September 2023 Google SEO office hours

This is the transcript for the September 2023 edition of the Google SEO Office Hours. For site-specific help, we recommend posting your question in the Google Search Central Help Community.

Is Google wrongly indexing the www version of my website?

John: Wan asks: Google wrongly indexes the www version of my website. The correct page is supposed to be HTTP and then their domain name .my without the www.
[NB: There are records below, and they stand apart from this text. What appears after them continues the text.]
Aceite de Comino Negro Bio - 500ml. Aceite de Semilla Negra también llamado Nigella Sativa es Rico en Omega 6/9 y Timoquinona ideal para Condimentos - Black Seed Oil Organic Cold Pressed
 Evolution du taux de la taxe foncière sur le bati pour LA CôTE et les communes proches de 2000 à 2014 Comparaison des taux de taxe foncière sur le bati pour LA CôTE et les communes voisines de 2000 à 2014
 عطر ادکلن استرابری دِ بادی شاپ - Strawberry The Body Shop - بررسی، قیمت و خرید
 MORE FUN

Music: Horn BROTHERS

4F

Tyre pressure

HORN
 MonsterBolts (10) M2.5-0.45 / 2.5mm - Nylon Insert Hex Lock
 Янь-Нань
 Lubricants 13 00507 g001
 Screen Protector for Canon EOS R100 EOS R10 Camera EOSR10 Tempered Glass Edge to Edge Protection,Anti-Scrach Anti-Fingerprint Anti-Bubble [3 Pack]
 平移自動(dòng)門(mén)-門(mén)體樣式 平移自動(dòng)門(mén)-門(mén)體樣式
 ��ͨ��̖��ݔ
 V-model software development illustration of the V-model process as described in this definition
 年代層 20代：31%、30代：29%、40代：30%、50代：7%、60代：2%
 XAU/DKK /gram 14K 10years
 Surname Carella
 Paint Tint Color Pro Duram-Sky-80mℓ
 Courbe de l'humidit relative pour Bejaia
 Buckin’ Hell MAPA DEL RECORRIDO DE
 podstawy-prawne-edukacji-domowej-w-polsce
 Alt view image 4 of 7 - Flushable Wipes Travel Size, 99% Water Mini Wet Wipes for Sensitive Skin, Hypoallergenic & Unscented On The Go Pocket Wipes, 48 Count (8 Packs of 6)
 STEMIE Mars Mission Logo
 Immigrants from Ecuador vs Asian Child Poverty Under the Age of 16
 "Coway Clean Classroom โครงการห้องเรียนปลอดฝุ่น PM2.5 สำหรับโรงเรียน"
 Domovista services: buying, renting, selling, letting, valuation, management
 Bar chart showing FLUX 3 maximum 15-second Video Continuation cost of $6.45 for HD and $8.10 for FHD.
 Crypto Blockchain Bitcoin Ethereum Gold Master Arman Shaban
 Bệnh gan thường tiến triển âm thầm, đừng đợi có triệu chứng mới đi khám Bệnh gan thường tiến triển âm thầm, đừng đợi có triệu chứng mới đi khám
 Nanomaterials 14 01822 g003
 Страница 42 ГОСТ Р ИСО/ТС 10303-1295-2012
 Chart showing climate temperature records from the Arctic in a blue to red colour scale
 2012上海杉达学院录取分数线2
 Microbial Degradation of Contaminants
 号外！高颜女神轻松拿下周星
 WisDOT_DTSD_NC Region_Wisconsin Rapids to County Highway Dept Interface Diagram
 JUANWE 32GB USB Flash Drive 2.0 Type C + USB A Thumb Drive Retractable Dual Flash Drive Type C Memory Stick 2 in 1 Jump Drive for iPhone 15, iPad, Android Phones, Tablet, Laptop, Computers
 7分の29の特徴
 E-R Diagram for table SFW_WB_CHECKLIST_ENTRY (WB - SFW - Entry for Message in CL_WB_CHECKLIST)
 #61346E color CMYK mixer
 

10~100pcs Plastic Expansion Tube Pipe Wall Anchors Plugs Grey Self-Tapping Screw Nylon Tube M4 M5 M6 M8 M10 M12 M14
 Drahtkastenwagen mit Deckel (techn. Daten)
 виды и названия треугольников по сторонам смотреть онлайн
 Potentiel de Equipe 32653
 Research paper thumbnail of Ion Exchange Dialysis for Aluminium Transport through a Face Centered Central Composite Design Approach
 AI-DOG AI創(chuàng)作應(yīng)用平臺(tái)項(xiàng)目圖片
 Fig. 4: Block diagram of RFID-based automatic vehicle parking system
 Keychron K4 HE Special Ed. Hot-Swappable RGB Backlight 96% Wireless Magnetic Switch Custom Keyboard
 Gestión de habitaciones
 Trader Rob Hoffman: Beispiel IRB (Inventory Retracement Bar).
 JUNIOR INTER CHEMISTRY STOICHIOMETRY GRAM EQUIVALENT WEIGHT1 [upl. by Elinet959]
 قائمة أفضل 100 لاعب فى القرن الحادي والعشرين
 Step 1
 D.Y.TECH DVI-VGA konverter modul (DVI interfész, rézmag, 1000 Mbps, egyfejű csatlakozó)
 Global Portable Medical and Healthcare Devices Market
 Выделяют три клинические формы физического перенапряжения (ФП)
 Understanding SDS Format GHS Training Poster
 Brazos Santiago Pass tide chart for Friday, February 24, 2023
Hi Wan! I took a look at your pages, and it looks like your server is automatically redirecting from the non-www to the www version, and setting the link rel canonical element appropriately. At first glance, if you're using Chrome, it might look like it doesn't have a www in front, but if you click twice into the URL on top in the browser, it expands to the full URL, with www. In practice, this is fine - both the www and the non-www versions of a site are totally ok with Google Search. Wow, that's a lot of wwws!

Why is filtered data higher than the overall data on Search Console?

Gary: Ornella is asking: Why is filtered data higher than overall data on Search Console, it doesn't make any sense.

First of all, I love this question, but probably for the wrong reason. The short answer is that we make heavy use of something called Bloom filters because we need to handle a lot of data, and Bloom filters can save us lots of time and storage. The long answer is still that we make heavy use of Bloom filters because we need to handle a lot of data, but I also want to say a few words about Bloom filters: when you handle large number of items in a set, and I mean billions of items, if not trillions, looking up things fast becomes super hard. This is where Bloom filters come in handy: they allow you to consult a different set that contains a hash of possible items in the main set, and you look up the data there. Since you're looking up hashes first, it's pretty fast, but hashing sometimes comes with data loss, either purposeful or not, and this missing data is what you're experiencing: less data to go through means more accurate predictions about whether something exists in the main set or not. Basically Bloom filters speed up lookups by predicting if something exists in a data set, but at the expense of accuracy, and the smaller the data set is the more accurate the predictions are.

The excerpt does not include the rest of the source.